To verify that clinical specialization does not come at the cost of general robustness, Symphony was also evaluated on CommonVoice across all three languages. Symphony is competitive with or better than leading real-time APIs on every language, confirming that the gains on clinical speech reflect domain-specific capability rather than narrow overfitting.

Keyterm biasing reduces the false-negative rate on medical terms by approximately 50% relative to the unbiased baseline on both MedDictate and MedRad, with precision essentially unchanged. Biasing recovers missed terms without introducing spurious ones.

Available now

Symphony for Speech to Text is available in production today through the Corti API and Console across English, German, French, Danish, and additional languages.
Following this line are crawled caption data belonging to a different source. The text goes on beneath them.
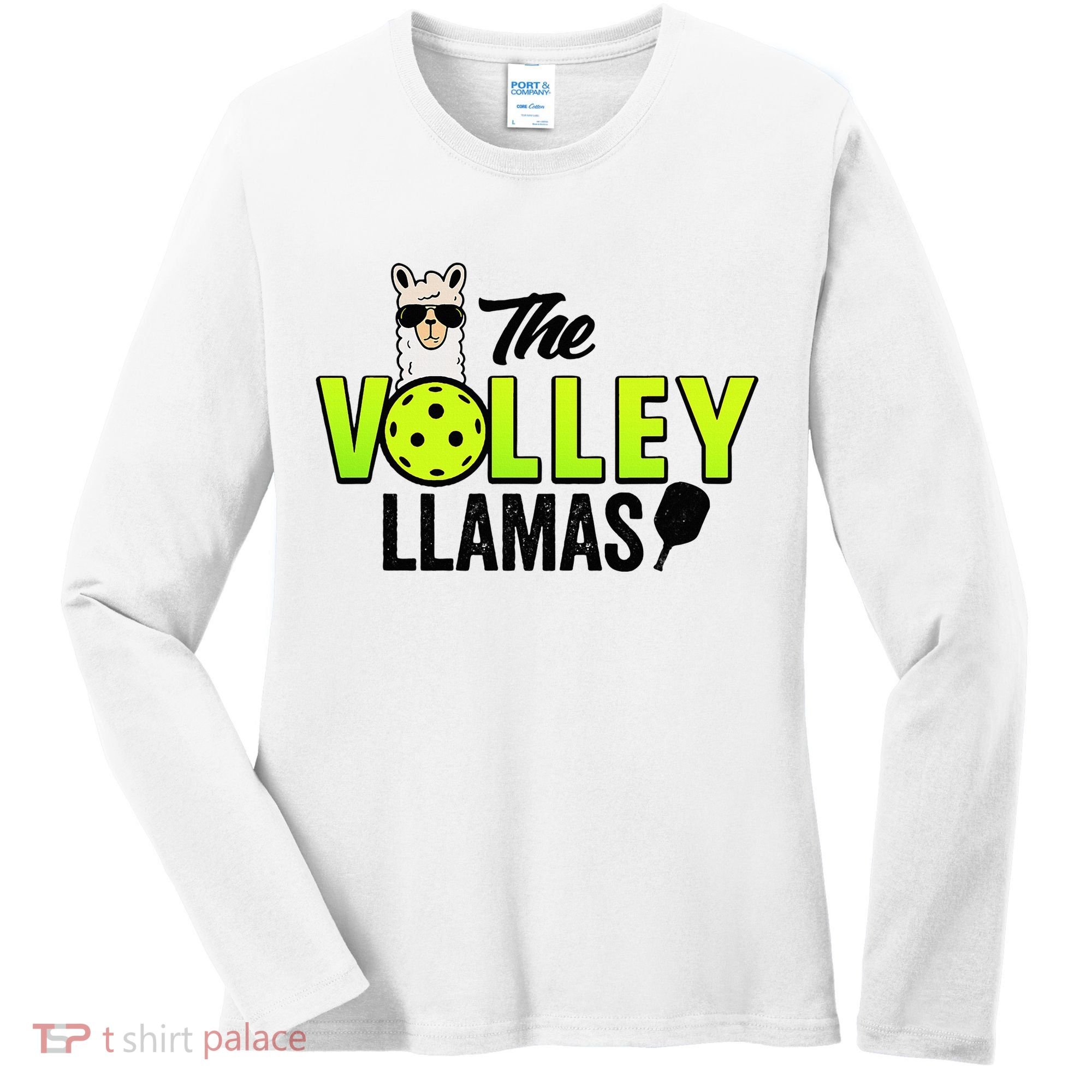 The Volley LLamas comic style llama pickle ball Women's Long Sleeve Shirt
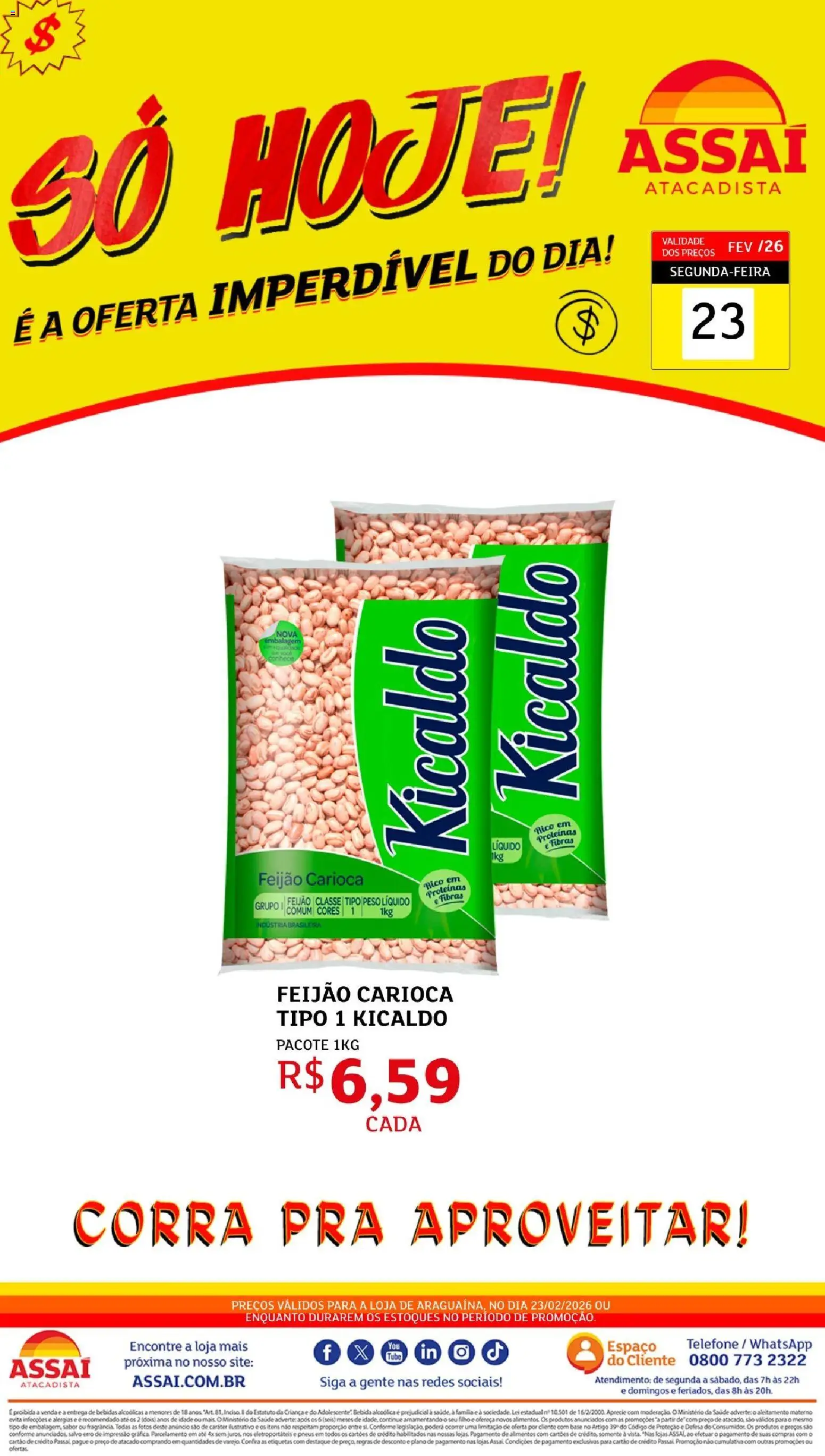 Assaí Atacadista Folheto - válido de 23.02.2026 | Página: 1 | Produtos: Pneus, Base, Bebida, Telefone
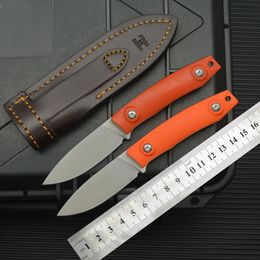 1Pcs New High Quality Survival Straight Knife 8Cr13Mov Satin Drop Point Blade Full Tang G10 Handle Outdoor Fixed Blade Hunting Knives With Leather Sheath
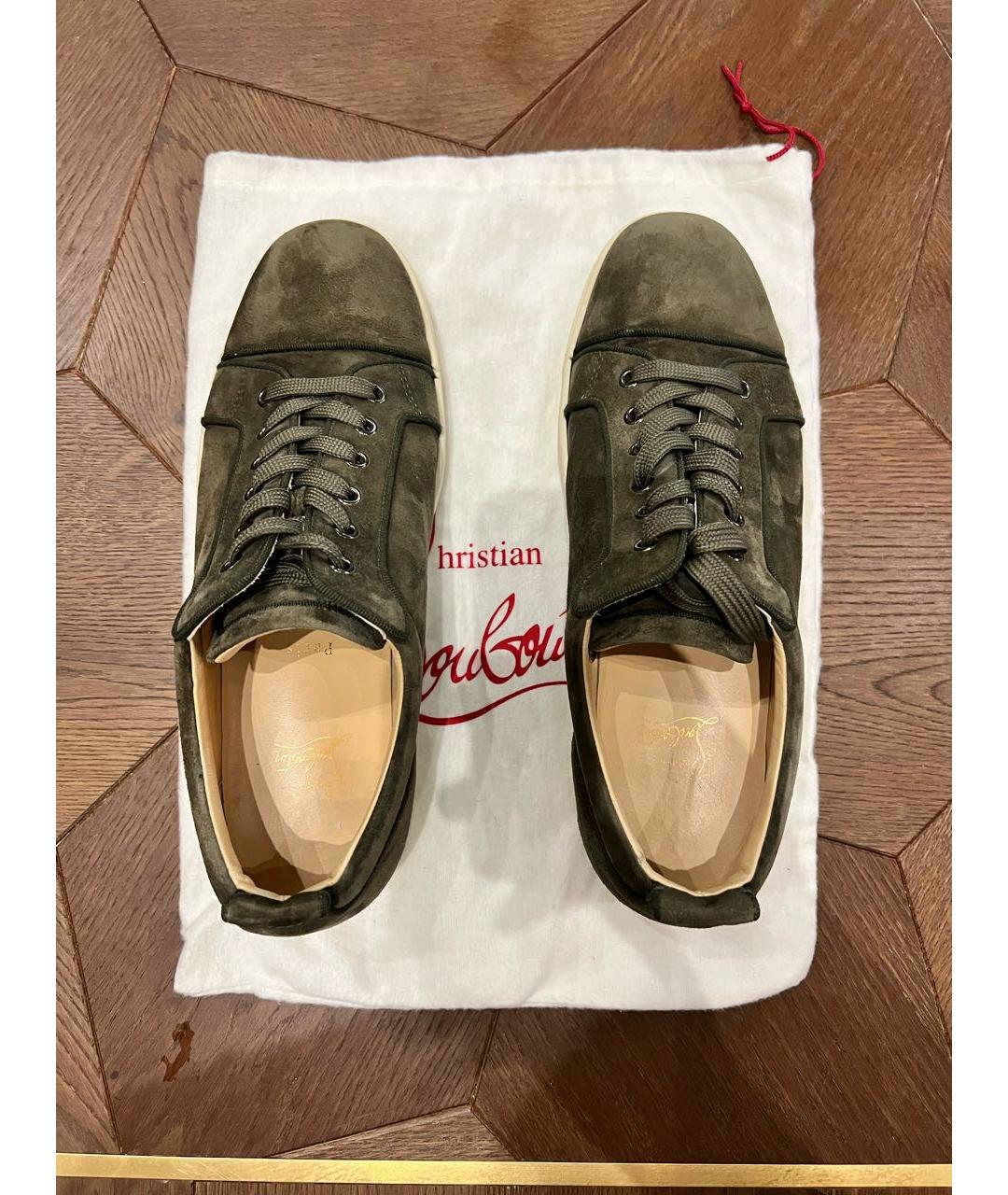 CHRISTIAN LOUBOUTIN Зеленые замшевые низкие кроссовки / кеды, фото 3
Enterprise and sovereign cloud deployments are available for organizations handling protected health information.

For the companies building what comes next

Clinical voice has been a promise that has not delivered for decades. The limitation was not the idea. It was the accuracy and reliability of the underlying speech layer, and the architecture of the tools that existed.

A clinician who cannot trust that a spoken dosage will be captured correctly will stop using voice. A developer who has to build a post-processing pipeline to fix formatting errors, and then rebuild it every time the underlying model changes, is not building clinical software. They are maintaining a fragile integration.

Symphony for Speech to Text is infrastructure. One API. Real-time or batch. The clinical formatting, the spoken punctuation, the keyterm biasing, the audio health signals, and the structured outputs are all part of the API response. No separate pipeline. No client software. No vendor project.

The companies building the next generation of clinical documentation tools, ambient scribes, EHR voice interfaces, telemedicine platforms, and clinical AI systems should not have to solve medical speech recognition from scratch. They should make one API call.